A Numerical Look at Chess Perfection

Collapse
X
 
  • Filter
  • Time
  • Show
Clear All
new posts

  • A Numerical Look at Chess Perfection

    With all the talk in another thread about AlphaZero and Stockfish and a paradigm shift, I want to present a "numerical look" at chess perfection. This will be somewhat philosophical.

    So let's play God for a moment, and imagine that we have in front of us the total chess search tree. Every possible variation from the opening position is in there. It's a tree structure, so you can go back and forth along the branches, or to any node in the tree at will. All branches terminate with a result, so every move has a score based on: how many wins for the moving side it leads to, how many losses for moving side it leads to, how many draws it leads to.

    Ok, so let's make a few assumptions:
    (1) the average number of choices at any ply of a chess game is 35.
    (2) the average length of a chess game between any 2 chess engines, not including opening book or endgame tablebase moves, is 80 plies for each engine.

    What we are going to try and do is "score" chess perfection. Not a rating, but a "score" based on the following:

    From assumption (1), if we sort all 35 average choices on a given ply based on the value each move has in God's chess search tree, then we assign a perfection score to each move where the top (best) move gets 35 points, the 2nd best move gets 34 points, 3rd best move gets 33 points, all the way down to worst move gets 1 point. The only value these points have is in assessing how perfect a person or engine is playing chess.

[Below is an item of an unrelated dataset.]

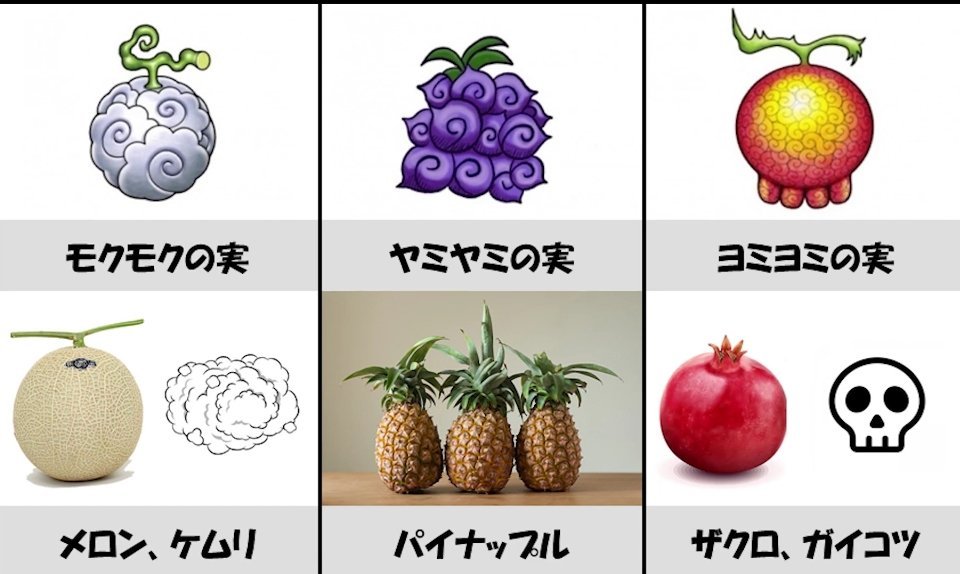 海贼王里恶魔果实怎么来的,海贼王里的恶魔果实真实存在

    If we had a perfect chess engine that played best move on each and every ply guaranteed, and it played the average of 80 plies per game, it's perfection score would be 80 x 35 points = 2800 points (don't confuse this with 2800 ELO, not at all the same thing).

    So 2800 points is a typical chess perfection score for a typical 80 ply game.

    Now let's say we have an engine that plays 2nd best move on every ply, guaranteed. Its chess perfection score would be 80 x 34 points = 2720 points. This engine is playing at a perfection rate of 2720/2800 * 100 = 97.143% rounded to three decimal places. Of course, you'd get the same result by doing 34/35 * 100.

    If a person or engine played the worst possible move on every ply guaranteed, it would achieve the lowest possible perfection score of 1/35 * 80 = 80 points. We assume it still could last 80 plies in a typical game, but in reality it would be lasting maybe 20, so let's be realistic and give it a perfection score of 20 points.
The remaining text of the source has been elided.